**Work required:** Beginning with the line below that contains "Reanimate (Borderless) Marvel" and ending with the line that contains "Palio 3. stop lambası plastiği kapak", copy every line exactly. Copy nothing else.

**Given records:**

**********

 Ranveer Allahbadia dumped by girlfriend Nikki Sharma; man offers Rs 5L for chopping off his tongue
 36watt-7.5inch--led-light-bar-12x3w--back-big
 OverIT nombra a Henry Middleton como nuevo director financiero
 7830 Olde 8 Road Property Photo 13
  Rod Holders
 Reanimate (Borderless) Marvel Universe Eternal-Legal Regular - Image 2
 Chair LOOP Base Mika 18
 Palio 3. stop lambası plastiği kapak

**********

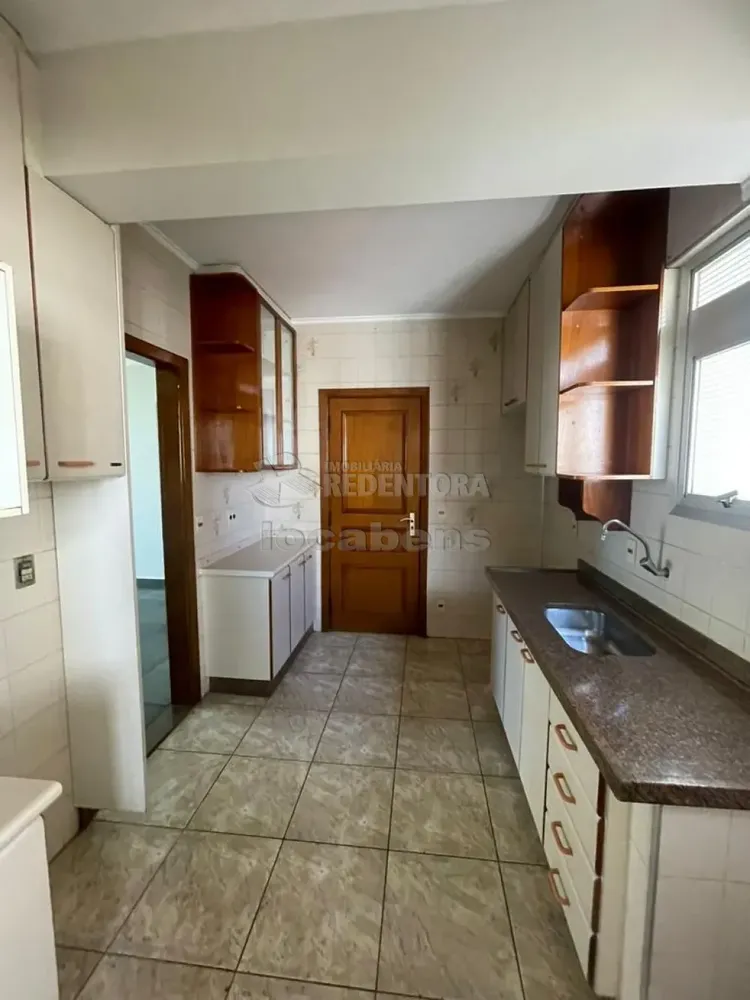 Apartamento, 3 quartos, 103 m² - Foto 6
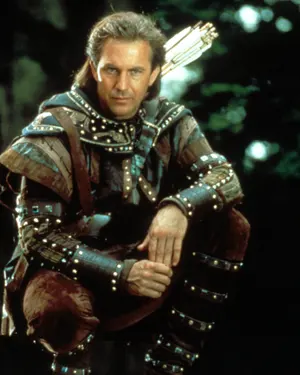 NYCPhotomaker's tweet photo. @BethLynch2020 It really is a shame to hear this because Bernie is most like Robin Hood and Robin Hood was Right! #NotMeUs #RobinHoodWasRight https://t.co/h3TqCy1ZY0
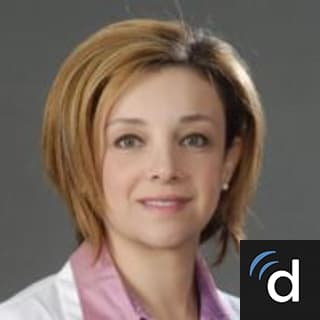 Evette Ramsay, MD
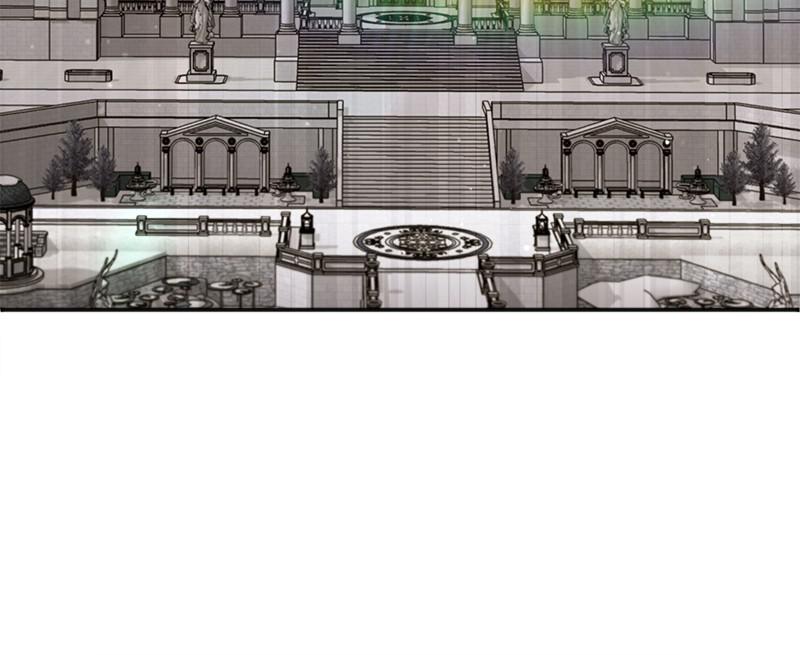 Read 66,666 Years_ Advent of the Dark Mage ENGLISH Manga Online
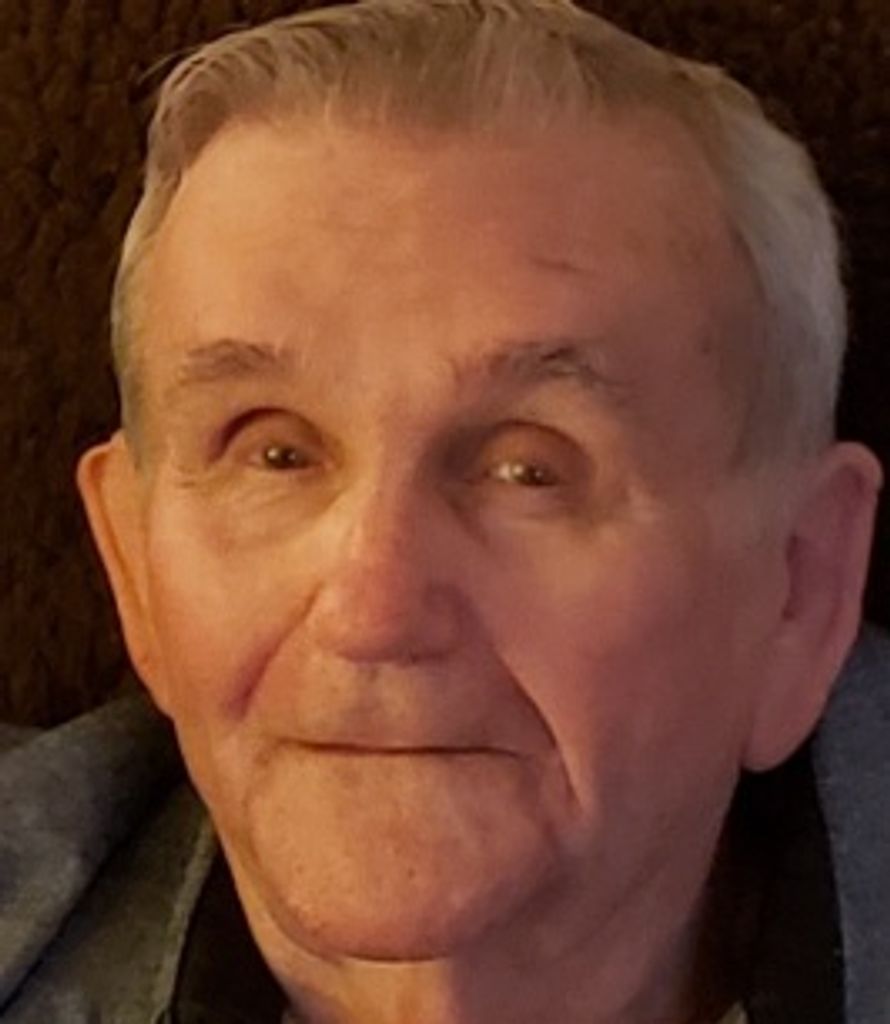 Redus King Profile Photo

**********

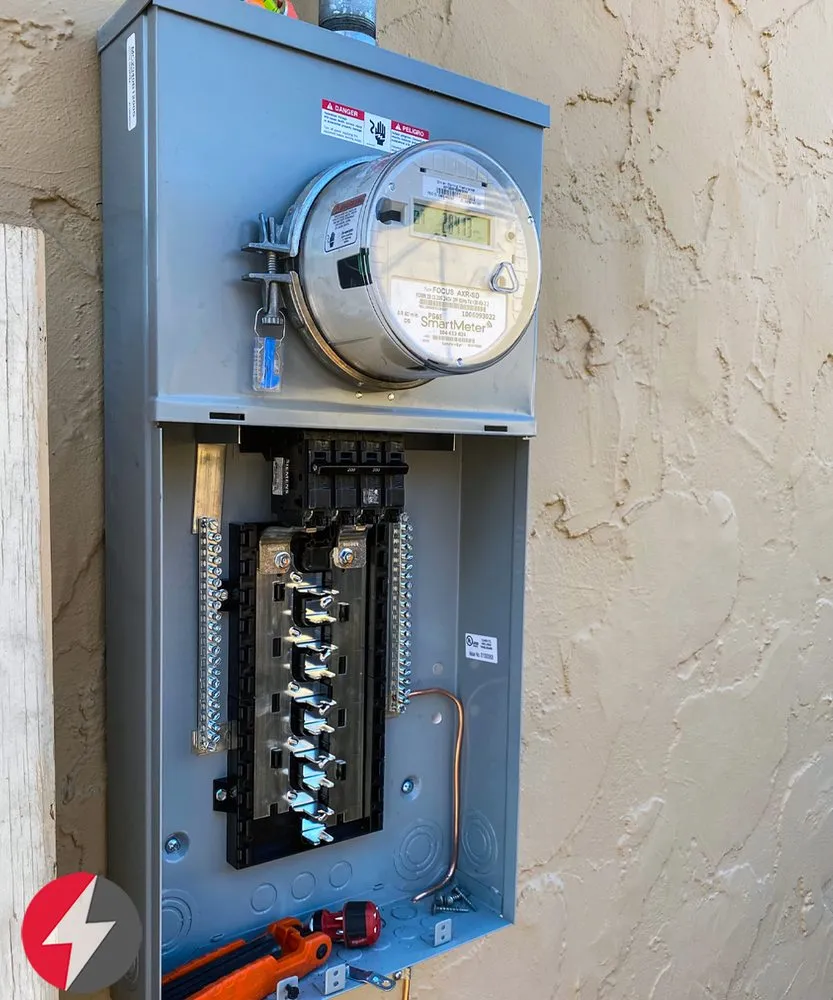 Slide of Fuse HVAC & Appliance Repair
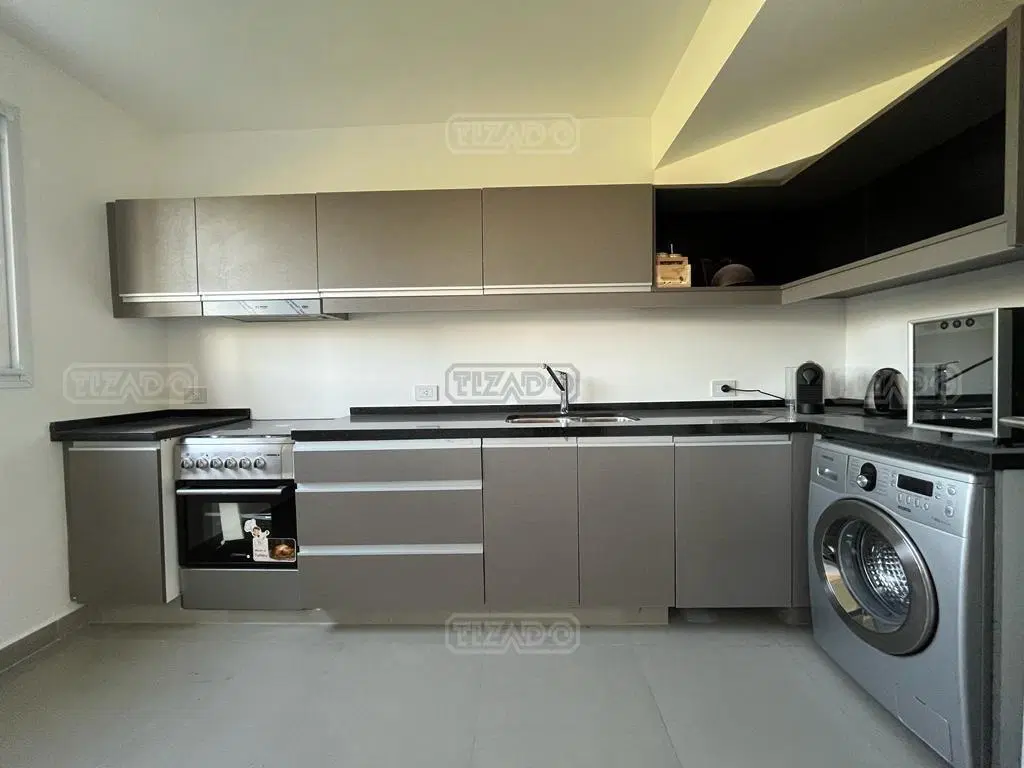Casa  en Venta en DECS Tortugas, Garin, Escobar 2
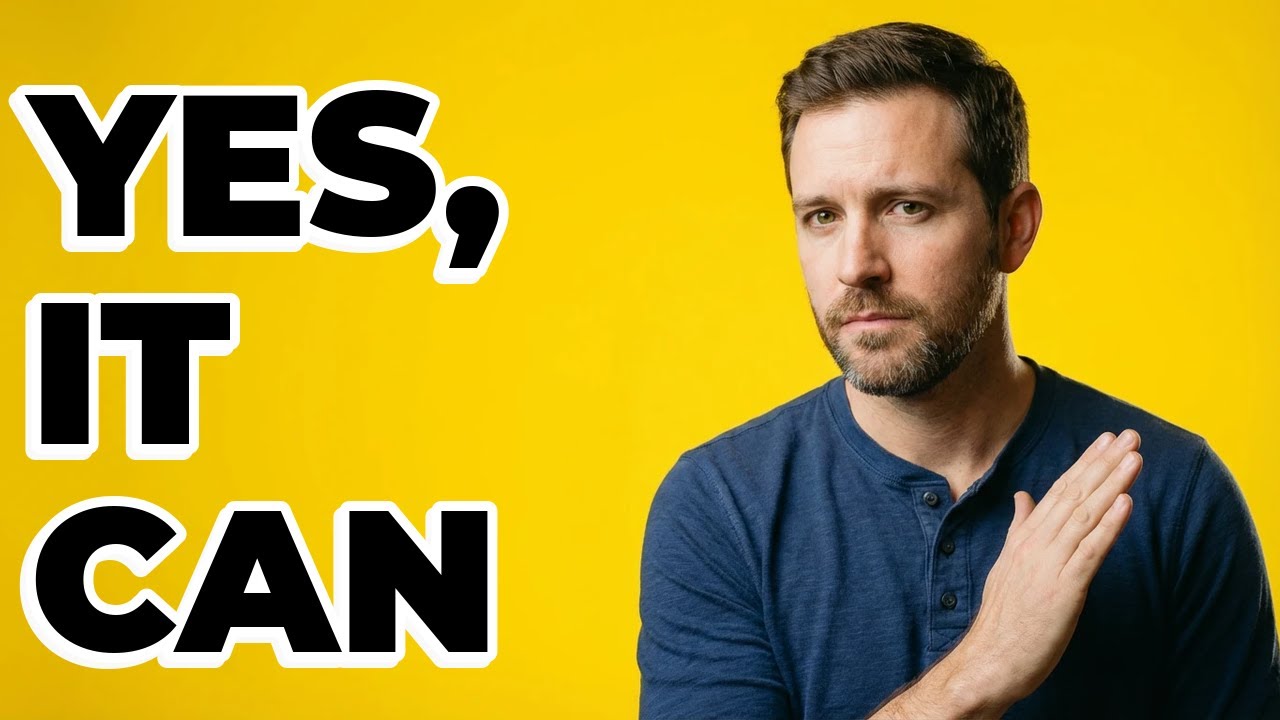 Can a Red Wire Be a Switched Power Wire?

**********

**Answer to this exercise:**
 Reanimate (Borderless) Marvel Universe Eternal-Legal Regular - Image 2
 Chair LOOP Base Mika 18
 Palio 3. stop lambası plastiği kapak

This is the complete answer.